With regard to the question of fracking fluid chemicals, again a difference in approach between the UK and the US emerges. The UK adopts a straightforward approach that the:

“identity of all substances proposed for injection, and the [regulator’s] conclusions on their hazard potential, will be publicly available”.

The US draft regulations allow operators to submit to the bureau “an affidavit asserting exemption from disclosure of certain information” on the basis that it is protected by trade secrecy law. Providing details to the regulator of which chemicals are being exempted is not an automatic requirement; in fact the draft regulations only give the regulator “the ability to demand the specific chemical details of any materials being proposed for trade secret exemption”.

Finally, in relation to the possibility that fracking could contaminate aquifers with methane, the UK’s approach starts from the observation that there has been no evidence of such contamination. The government’s statement stresses the importance of well integrity, pointing to existing regulations that require the Health and Safety Executive to be notified of well design and operations, and the role of independent verification.

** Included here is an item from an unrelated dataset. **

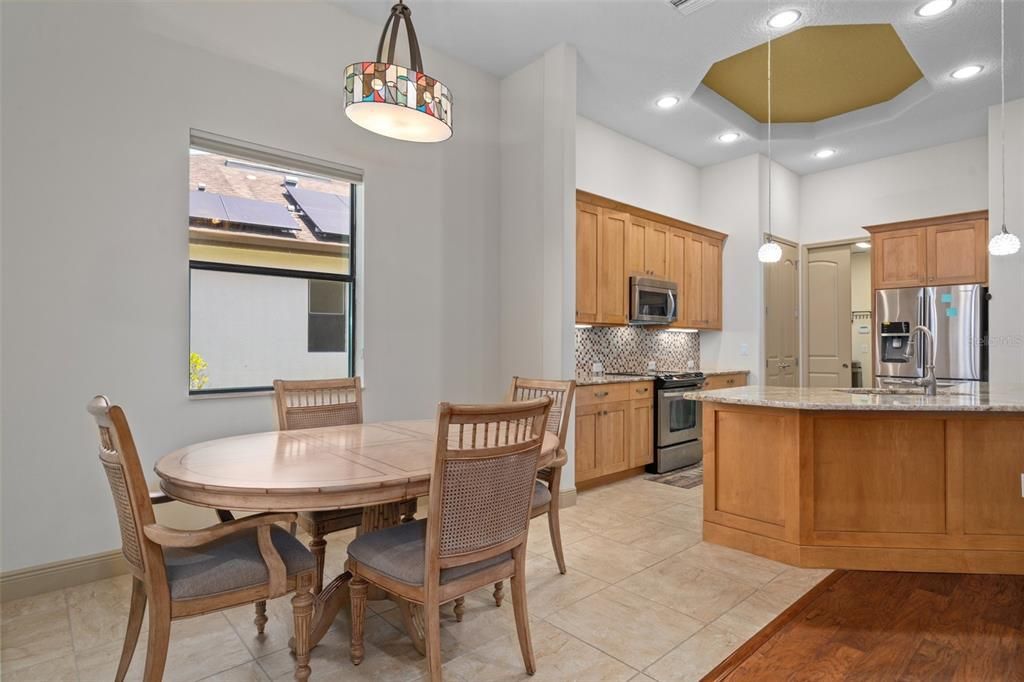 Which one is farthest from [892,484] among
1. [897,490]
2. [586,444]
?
[586,444]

In the US, the draft regulations demand proof of well integrity for the entire length of the well and for Cement Evaluation Logging on those sections protecting aquifers.

The rigorous approach to well integrity in both jurisdictions stems from the fact that the industry and environmentalists have similar if differently motivated concerns. The latter are concerned that any compromise to well integrity may result in environmental damage, and the former is concerned that break down of well integrity could see gas escapes which could cause explosions.

Whatever the merits or otherwise of shale gas exploitation, there is also the broader environmental impact to consider. Vast shale gas reserves emit a siren call to those concerned with economic growth and energy security, but the International Energy Agency has recently warned that if greenhouse gas emission reduction targets are to be met then two-thirds of currently proven hydrocarbon reserves cannot be produced without the wide deployment of carbon capture and storage – a technology whose efficacy has not yet been demonstrated.

That would seem to suggest that the story of fracked shale oil and gas could in many places be over before it has begun. But if dirty, polluting coal was replaced by cleaner shale gas to generate electricity - especially in developing countries - CO2 emissions could be halved considerably more easily and cheaply than by any other means. Consider this, and it becomes clear that the decisions facing policymakers – and we as taxpayers and consumers – are by no means as black and white as the polarised debate would lead you to believe.